Guru Itu?

213 12 1
                                    

Happy reading. Jangan jadi pembaca gelap ya. Tinggalkan jejak😉

Aurum segera menutup aplikasi whatsapnya, lalu mematikan data seluler.

Ia bukan orang yang suka menyimpan dendam bahkan dirinya tidak mau memutuskan silaturahmi dengan Rey, tetapi dilain sisi ia juga harus menjaga perasaan gadis yang kini menjadi pacar baru Rey, ralat pacar lamanya soalnya kan mereka pacaran udah dari SMP.

Ia tidak berbohong dengan pesan yang dibalaskan untuk Rey, dirinya segera mengeluarkan buku pelajarannya dan mengambil laptop dari laci nakasnya.

***

Paginya seperti biasa ia, diantarkan Adi serta Nita sekalian mereka berangkat ke kampus.

Dirinya berjalan ke dalam gerbang, tidak lama Bianca turun dari sebuah motor dengan diantarkan kakaknya.

Ia tersenyum hangat sembari melambaikan tangannya ke arah Bianca.

Seorang di balik helm hitam mengulum senyum melihat Aurum, sedang tersenyum ke arah adiknya.

'Jadi anaknya, sahabat baru Bian.' Pria itu lalu melajukan motornya ke dalam area parkiran sekolah.

Ia dan Bianca memasuki kelas, disertai senyum hangat walaupun teman-teman ia membalasnya dengan senyum yang dipaksakan. Tidak lama bel masuk berbunyi.

Aurum dan Bianca sedang bercerita tentang satu sama lain, ya, walaupun Bianca tidak menjawab langsung tetapi melalui tulisan tapi itu terasa lebih asyik.

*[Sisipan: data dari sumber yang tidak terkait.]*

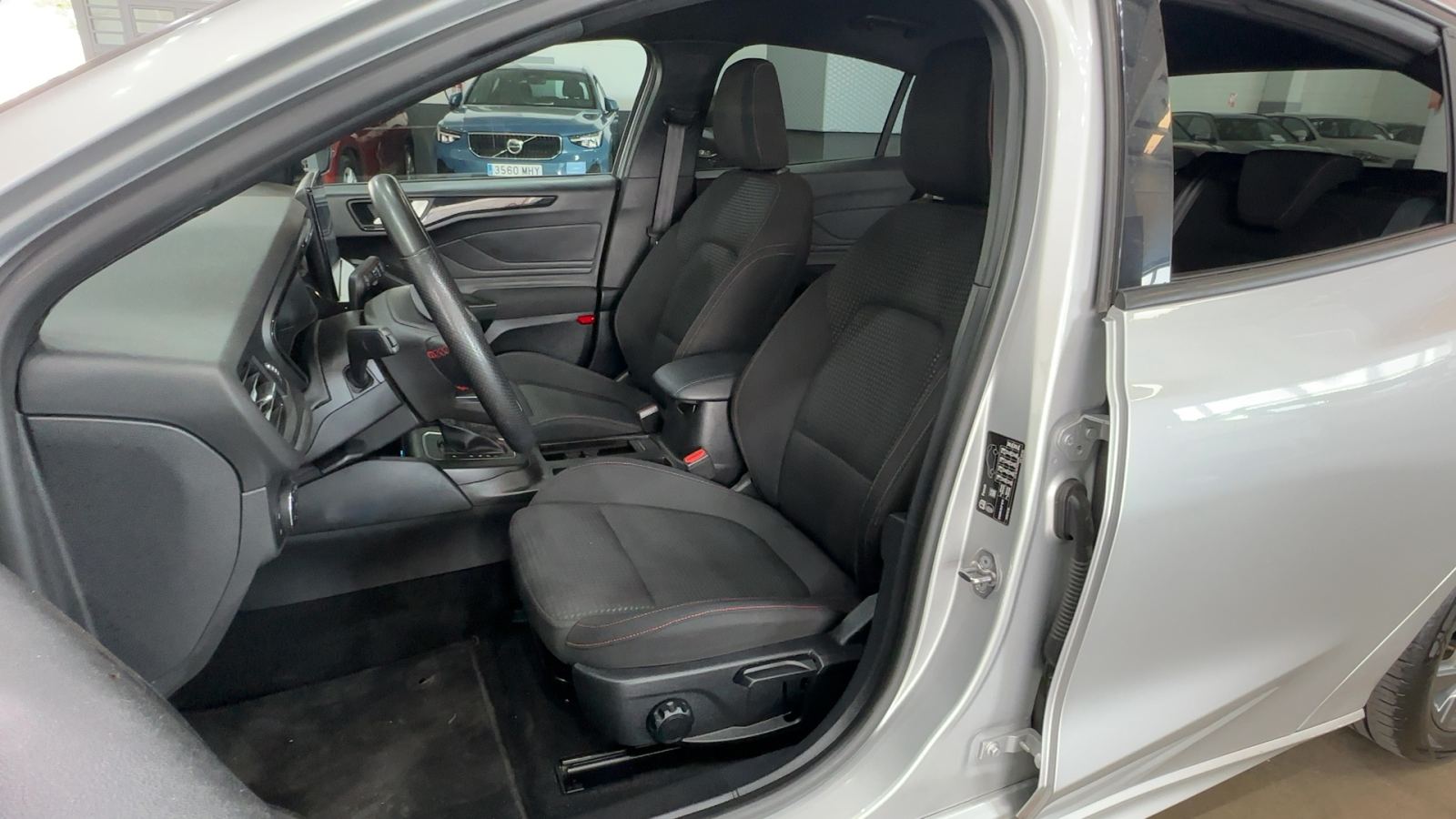 FORD FOCUS — interior asientos delanteros | CSV Motor SEVILLA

Siswa yang berada di luar kelas berlarian masuk dan duduk di tempatnya masing-masing. Rupanya sang guru telah berada di ambang pintu.

Netra Aurum terbelalak tak percaya melihat pria rekan kerja ayahnya juga mengajar di sini.
Ia langsung menutup wajahnya dengan buku pelajaran dan menundukan kepalanya.

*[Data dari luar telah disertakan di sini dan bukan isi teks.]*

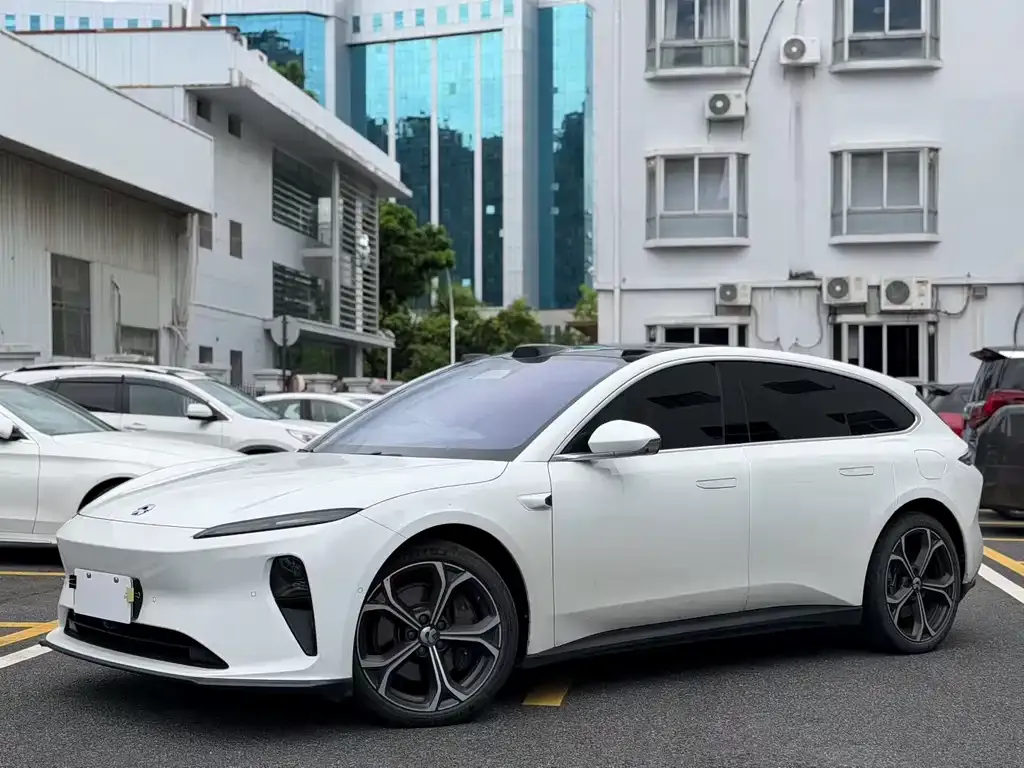 2024 Nio ET5T 75kWh Touring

Laki-laki itu mengabsen seluruh siswa, kecuali dirinya karena siswa baru belum terdaftar pada absen guru tersebut.

"Apakah ada yang namanya belum dipanggil?" Suara barinton laki-laki itu membuat degup jantung Aurum seperti sedang berpesta dengan peluh telah membasahi jemarinya dengan menarik napas akhirnya ia mengangkat tangan.

"Saya, Pak!" seru Aurum.

"Oh, ada siswa baru? Siapa namanya?" tanya laki-laki itu.

"Aurum Friskara," jawab Aurum dengan cepat.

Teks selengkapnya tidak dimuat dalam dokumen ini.